Crawled caption data:
"""
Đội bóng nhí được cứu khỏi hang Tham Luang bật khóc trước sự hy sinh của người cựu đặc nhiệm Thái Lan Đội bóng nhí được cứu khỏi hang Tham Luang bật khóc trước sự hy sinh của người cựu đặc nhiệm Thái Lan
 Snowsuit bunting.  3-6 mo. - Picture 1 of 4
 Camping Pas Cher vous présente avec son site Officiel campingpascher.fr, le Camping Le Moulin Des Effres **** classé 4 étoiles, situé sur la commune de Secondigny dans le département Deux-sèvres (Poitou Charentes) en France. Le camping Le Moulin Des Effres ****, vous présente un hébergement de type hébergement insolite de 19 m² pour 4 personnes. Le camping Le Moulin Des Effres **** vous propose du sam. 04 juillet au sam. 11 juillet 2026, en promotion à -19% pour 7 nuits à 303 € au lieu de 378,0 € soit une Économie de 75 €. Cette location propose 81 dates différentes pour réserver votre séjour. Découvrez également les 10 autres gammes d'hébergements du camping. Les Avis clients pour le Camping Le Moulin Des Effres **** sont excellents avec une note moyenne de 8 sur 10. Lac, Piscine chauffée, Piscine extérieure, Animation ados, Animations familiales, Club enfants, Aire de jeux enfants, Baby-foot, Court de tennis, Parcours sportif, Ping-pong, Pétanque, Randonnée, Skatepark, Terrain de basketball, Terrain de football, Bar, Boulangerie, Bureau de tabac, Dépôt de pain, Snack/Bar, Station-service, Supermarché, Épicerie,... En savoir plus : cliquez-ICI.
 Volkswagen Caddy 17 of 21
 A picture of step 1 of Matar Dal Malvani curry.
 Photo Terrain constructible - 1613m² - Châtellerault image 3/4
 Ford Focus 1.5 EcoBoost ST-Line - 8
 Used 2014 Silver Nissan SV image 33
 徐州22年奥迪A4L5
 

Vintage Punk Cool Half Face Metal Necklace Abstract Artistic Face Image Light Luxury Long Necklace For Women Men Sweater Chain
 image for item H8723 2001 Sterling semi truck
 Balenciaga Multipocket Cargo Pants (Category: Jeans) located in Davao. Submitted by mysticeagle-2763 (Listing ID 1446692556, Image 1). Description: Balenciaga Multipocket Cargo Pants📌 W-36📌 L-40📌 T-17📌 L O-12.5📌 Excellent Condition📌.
"""
Activity —
Please write out, exactly as they appear, the line that contains "image for item" and every line after it up to the end of the entries above, and no others.

Solution for this problem —
 image for item H8723 2001 Sterling semi truck
 Balenciaga Multipocket Cargo Pants (Category: Jeans) located in Davao. Submitted by mysticeagle-2763 (Listing ID 1446692556, Image 1). Description: Balenciaga Multipocket Cargo Pants📌 W-36📌 L-40📌 T-17📌 L O-12.5📌 Excellent Condition📌.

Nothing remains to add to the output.